Gründe für die übermäßige Onlinezeit
Viele flüchten im Internet vor dem Alltag. Die Kinder sind in der Schule überfordert, werden mit familiären Problemen konfrontiert oder haben Auseinandersetzungen mit Ihren Freunden. Das Internet bietet Ihnen die Möglichkeit, Ihre Alltagssorgen zu vergessen und in eine andere Welt abzutauchen. Die Ursachen sind ganz unterschiedlich, viele suchen im Net ihre Erfolgserlebnisse und andere ihr Freunde.


Gefahren des Internets
Das ,,Abtauchen in eine andere Welt" soll klar unterstrichen werden. Wollen nicht alle einmal dem Alltag entfliehen? Das Internet bietet dafür eine virtuelle Welt. Jeder hat die Möglichkeit, seine eigenen Träume und Wünsche auf einer eigenen Homepage zu gestalten. Kinder können sich einen verrückten Namen zulegen und sich einen neuen Charakter ausmalen. Es ist fast alles erlaubt im Internet. Man kann in jedem zweiten Computerspiel sogar töten. Dem Helden stehen die gefährlichsten und modernsten Waffen zur Verfügung, um gegen seinen Feind zu kämpfen. Solche Medien wirken sich fast ausnahmslos negativ auf die Entwicklung der Jugendlichen aus.

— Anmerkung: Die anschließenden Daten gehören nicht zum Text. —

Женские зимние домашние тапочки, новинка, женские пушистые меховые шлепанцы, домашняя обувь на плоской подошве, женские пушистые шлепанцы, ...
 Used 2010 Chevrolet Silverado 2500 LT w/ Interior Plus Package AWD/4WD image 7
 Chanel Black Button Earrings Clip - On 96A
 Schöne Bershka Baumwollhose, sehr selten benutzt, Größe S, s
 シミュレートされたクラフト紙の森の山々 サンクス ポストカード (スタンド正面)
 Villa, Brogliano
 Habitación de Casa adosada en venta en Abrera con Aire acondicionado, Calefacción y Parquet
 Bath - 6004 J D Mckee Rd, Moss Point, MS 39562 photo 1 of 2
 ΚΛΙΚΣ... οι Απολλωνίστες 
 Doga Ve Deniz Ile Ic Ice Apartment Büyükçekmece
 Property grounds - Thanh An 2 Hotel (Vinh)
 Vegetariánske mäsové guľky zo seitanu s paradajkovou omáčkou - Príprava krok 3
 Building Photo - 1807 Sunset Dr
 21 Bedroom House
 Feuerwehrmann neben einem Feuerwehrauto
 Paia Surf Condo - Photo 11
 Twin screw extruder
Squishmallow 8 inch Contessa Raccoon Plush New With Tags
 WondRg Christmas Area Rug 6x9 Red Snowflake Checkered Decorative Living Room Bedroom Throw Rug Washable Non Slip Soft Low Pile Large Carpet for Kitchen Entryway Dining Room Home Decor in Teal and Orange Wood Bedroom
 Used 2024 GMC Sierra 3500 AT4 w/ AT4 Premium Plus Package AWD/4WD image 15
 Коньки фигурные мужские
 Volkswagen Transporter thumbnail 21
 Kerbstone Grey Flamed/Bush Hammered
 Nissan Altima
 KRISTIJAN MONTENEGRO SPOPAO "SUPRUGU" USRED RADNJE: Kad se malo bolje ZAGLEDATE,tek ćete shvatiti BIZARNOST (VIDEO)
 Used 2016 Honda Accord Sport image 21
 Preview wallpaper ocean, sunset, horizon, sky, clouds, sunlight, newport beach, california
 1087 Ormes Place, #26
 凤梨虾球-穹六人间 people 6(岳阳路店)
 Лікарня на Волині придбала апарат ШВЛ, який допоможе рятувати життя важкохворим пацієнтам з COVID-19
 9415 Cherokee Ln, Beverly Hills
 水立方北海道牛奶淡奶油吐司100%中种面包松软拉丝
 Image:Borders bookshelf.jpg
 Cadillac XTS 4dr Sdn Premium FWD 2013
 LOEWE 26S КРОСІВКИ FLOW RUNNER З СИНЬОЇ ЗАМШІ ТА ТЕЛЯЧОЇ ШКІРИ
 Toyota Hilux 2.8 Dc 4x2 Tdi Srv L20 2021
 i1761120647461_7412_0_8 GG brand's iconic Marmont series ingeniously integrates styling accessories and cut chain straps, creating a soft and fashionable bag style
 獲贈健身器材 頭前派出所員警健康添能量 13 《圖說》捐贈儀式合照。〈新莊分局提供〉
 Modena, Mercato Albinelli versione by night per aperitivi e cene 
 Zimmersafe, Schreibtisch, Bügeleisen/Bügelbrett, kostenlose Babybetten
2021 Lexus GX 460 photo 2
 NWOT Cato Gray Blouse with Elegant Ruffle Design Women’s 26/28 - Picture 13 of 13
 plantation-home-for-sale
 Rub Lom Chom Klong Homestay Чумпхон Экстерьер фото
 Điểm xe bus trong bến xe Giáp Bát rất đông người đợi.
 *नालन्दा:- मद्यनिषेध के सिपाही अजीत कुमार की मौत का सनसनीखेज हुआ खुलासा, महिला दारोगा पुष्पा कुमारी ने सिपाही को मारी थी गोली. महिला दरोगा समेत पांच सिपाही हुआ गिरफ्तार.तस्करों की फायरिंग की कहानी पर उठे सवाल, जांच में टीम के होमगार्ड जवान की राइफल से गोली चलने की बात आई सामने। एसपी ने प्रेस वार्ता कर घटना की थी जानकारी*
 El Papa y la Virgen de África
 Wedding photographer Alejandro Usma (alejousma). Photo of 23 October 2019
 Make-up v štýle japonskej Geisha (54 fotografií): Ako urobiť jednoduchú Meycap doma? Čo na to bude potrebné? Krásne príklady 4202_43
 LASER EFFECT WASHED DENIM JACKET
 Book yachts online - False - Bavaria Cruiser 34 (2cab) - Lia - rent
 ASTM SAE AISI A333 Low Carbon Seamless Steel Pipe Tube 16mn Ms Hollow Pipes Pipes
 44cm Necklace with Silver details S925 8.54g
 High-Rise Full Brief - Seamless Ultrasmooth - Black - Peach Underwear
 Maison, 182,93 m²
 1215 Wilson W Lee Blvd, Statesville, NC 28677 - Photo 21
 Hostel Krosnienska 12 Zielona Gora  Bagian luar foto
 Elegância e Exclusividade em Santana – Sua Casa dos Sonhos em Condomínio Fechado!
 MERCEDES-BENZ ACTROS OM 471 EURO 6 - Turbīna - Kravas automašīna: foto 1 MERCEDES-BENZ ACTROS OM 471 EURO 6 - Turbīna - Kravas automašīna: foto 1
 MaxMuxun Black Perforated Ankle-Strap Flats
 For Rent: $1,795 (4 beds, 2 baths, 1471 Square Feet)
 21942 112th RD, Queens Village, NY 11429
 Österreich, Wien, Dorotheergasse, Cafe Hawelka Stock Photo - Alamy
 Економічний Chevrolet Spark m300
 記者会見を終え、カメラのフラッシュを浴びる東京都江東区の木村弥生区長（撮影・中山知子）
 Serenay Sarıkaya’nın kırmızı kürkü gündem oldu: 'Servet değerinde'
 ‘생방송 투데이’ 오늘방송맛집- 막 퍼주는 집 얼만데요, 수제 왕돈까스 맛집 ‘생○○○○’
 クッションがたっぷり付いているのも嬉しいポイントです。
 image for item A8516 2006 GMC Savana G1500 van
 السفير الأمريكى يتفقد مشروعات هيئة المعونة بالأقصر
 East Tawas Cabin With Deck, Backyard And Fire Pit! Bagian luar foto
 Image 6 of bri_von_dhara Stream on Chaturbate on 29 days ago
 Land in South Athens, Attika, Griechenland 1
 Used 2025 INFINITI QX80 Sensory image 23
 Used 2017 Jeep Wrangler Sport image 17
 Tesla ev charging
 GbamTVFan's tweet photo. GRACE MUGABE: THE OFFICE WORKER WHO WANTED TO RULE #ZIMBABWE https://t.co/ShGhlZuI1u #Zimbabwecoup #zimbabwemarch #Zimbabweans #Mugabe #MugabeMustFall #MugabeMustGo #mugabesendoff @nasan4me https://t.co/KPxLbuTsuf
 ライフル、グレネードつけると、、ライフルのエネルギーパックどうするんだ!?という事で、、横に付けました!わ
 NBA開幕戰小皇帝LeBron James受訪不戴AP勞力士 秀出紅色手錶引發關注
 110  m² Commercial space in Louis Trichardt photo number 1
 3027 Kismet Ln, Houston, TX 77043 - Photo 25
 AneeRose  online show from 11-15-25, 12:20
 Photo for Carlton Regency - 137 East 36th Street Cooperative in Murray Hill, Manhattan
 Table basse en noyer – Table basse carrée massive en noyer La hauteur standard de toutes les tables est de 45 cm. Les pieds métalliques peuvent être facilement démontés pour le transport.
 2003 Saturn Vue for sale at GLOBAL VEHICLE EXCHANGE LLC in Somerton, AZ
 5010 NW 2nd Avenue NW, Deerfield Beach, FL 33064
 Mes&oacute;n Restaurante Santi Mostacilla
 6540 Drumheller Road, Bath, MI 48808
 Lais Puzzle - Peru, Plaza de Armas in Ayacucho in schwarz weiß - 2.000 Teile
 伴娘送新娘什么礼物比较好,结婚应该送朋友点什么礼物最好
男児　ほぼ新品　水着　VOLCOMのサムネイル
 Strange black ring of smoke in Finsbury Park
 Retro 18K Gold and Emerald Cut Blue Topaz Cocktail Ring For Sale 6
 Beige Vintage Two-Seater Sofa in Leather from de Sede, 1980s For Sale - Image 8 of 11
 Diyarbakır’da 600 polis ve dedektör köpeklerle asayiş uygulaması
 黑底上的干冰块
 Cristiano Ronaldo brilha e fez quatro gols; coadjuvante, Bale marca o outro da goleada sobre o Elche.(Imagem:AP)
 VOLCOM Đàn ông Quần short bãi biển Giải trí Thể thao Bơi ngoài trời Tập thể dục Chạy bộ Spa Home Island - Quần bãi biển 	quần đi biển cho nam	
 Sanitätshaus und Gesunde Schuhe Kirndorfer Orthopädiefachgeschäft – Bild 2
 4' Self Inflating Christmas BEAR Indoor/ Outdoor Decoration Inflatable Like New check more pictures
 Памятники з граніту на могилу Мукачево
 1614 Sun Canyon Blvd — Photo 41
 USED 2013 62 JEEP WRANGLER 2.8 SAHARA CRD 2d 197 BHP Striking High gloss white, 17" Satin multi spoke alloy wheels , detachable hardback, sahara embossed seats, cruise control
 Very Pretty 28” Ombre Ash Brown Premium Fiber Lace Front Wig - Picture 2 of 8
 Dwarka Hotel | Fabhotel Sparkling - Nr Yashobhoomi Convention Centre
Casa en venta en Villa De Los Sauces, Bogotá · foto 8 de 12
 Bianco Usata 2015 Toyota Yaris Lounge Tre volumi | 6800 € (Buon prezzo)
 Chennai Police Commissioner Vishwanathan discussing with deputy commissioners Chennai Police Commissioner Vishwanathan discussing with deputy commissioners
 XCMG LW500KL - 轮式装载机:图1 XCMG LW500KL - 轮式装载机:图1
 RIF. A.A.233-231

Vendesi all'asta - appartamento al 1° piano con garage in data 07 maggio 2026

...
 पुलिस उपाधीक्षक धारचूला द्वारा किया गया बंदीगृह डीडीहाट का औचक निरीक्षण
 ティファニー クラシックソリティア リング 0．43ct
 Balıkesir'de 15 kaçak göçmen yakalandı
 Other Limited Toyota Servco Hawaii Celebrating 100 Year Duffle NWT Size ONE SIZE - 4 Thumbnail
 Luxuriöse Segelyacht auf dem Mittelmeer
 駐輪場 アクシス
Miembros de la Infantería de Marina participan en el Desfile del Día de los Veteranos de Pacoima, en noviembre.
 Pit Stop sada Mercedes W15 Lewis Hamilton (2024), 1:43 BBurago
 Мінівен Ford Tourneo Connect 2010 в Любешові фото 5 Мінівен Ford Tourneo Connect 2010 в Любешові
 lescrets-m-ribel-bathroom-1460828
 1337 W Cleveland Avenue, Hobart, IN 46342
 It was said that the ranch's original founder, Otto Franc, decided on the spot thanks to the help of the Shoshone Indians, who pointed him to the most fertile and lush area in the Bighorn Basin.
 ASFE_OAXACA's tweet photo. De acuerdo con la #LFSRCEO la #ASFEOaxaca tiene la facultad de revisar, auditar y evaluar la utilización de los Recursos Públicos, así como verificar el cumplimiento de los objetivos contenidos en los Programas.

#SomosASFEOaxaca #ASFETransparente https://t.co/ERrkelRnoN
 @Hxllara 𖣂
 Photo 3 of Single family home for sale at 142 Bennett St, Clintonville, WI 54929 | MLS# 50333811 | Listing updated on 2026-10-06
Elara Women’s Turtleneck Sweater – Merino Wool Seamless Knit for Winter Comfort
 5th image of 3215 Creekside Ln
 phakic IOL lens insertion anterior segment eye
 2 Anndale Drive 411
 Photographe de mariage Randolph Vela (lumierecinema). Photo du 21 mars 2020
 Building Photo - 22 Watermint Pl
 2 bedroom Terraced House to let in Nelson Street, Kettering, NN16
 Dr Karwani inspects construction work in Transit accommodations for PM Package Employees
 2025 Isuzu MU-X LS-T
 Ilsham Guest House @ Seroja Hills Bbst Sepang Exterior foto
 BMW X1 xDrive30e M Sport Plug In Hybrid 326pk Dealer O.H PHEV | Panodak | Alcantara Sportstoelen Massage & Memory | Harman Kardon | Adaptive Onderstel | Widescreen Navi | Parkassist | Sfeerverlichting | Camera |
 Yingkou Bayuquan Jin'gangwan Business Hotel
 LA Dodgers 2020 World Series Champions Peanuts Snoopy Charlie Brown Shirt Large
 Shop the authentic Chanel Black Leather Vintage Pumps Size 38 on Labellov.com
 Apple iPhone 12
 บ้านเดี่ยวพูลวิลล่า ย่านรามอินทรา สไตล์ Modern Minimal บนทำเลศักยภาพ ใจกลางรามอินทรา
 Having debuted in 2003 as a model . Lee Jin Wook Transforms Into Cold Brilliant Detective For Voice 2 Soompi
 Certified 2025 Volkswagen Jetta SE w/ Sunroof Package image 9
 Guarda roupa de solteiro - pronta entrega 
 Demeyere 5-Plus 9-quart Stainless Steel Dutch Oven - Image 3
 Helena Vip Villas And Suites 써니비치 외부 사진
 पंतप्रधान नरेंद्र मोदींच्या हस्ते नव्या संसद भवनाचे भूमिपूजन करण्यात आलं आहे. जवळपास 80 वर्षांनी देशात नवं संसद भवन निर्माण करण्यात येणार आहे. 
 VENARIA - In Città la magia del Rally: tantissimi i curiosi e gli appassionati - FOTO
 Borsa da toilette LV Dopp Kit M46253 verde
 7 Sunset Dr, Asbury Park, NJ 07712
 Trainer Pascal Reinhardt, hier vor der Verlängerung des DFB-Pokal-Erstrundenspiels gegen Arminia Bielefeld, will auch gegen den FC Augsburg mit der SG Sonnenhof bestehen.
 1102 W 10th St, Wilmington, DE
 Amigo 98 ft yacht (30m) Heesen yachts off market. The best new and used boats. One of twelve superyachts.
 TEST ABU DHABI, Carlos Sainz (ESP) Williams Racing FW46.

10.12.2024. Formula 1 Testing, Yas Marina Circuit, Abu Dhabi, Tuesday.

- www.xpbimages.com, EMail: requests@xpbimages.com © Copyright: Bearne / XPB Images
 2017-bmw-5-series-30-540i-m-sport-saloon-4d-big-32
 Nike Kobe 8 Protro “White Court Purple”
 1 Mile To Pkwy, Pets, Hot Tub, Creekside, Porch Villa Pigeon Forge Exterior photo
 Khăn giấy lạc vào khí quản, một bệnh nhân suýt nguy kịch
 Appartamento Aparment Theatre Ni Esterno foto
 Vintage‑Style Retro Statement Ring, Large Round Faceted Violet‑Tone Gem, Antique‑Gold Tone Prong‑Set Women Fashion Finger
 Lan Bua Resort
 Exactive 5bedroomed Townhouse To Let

Jedem ist schon aufgefallen wie schnell die Zeit vergeht, wenn Sie am Computer arbeiten. Während beim Fernsehen die nächste Werbung ein gewisses Zeitgefühl erhält, haben wir im Internet keine Anhaltspunkte. Die Gefahr besteht, dass man nicht merkt, wie die Zeit vergeht und notwendige Aufgaben vergisst. Besonders häufig erscheint dies bei Kindern die oft alleine zu Hause sind. Die arbeitenden Eltern haben keine Kontrolle darüber, wie lange ihr Kind im Internet surft. Im Internet kommt erst spätabends Stimmung auf. Schnell leiden speziell Kinder, die in Ihrer Wachstumsphase mehr Schlaf benötigen als Erwachsene, unter Schlafmangel. Oft wird dann auf Schlafmittel zurückgegriffen. Das wiederum eine Sucht hervorrufen kann.


Finanzielle und strafrechtliche Folgen
Unter den Internetsüchtigen ist die Verleugnung weit verbreitet, wie bei jeder Sucht. Der Vorwand der Arbeit bzw. der Schule ist ideal, man kann sich gut dahinter verstecken. Doch spätestens die nächste Internetrechnung verdeutlicht eine Sucht.
In einem Artikel stand, dass ein zwölfjähriger Junge aus Missouri für 1200 Dollar surft. Für die Mutter war die Rechnung hoch genug, um den Jungen vor das Jugendgericht zu bringen, worauf dieser seine Mutter und sich selbst erschoss.